◆ Working data
────────────────────
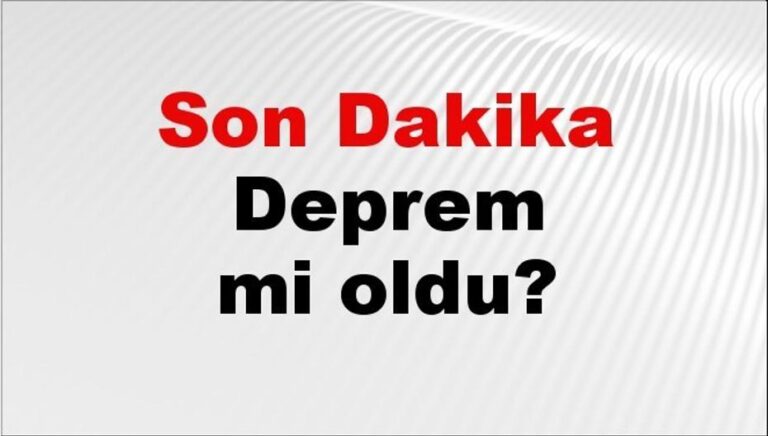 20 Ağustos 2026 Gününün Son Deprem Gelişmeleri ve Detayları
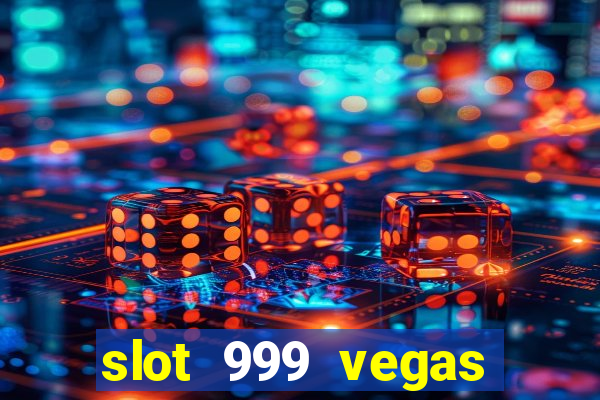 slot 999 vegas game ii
────────────────────
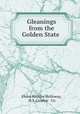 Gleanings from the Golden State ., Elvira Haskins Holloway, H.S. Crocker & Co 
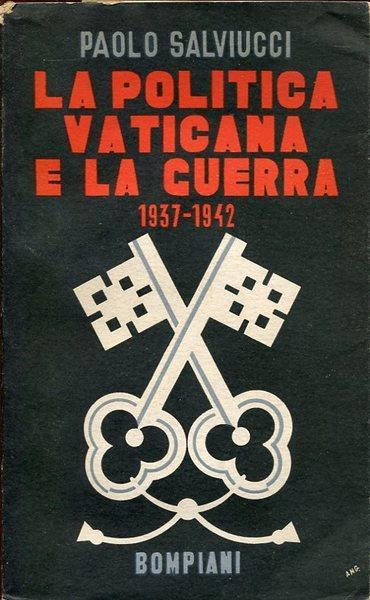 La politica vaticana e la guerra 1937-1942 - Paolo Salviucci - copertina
────────────────────
◆ Problem description
Copy word for word the span of the records above that begins at the line with "20 Ağustos 2026" and ends at the line with "slot 999 vegas game ii", including those two lines but not the pictures.

◆ Exercise answer
 20 Ağustos 2026 Gününün Son Deprem Gelişmeleri ve Detayları
 slot 999 vegas game ii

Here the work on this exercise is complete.